◆ **ACTION ITEM**
Nothing but the text of the listing, repeated exactly, belongs in the answer; leave the images out.

◆ **GIVEN MATERIAL**
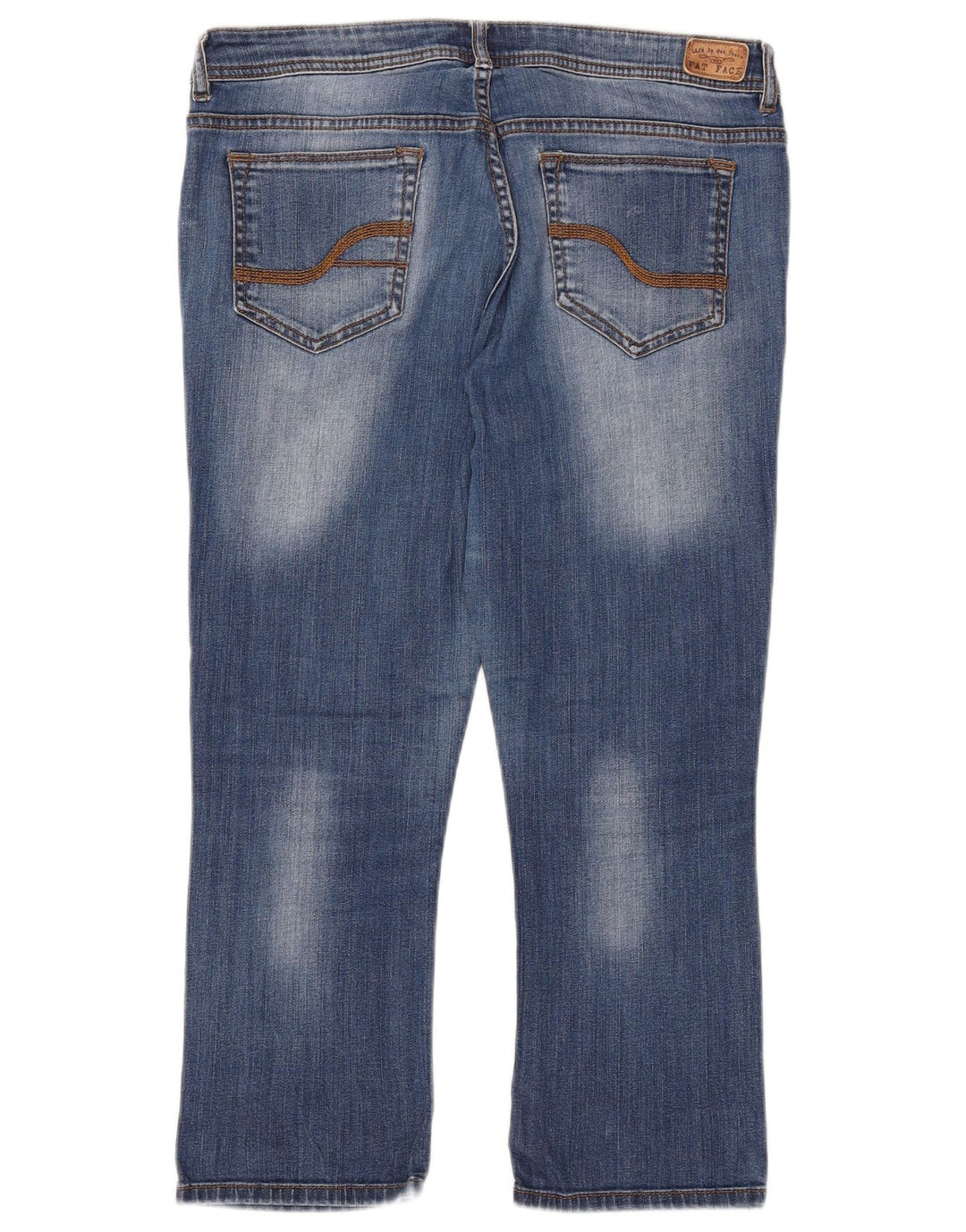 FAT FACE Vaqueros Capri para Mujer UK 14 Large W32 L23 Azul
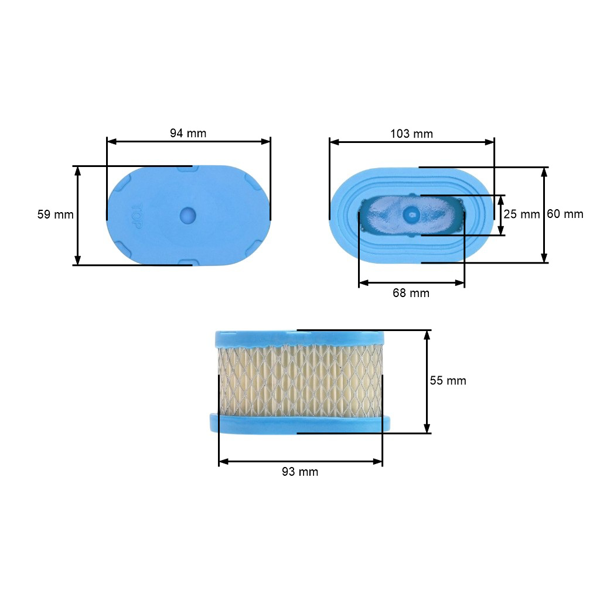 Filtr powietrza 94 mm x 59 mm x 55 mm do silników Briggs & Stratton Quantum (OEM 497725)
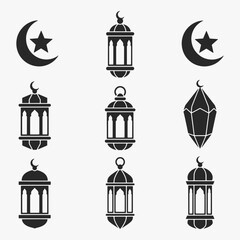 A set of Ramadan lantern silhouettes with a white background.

◆ **WORKED SOLUTION**
 FAT FACE Vaqueros Capri para Mujer UK 14 Large W32 L23 Azul
 Filtr powietrza 94 mm x 59 mm x 55 mm do silników Briggs & Stratton Quantum (OEM 497725)
 A set of Ramadan lantern silhouettes with a white background.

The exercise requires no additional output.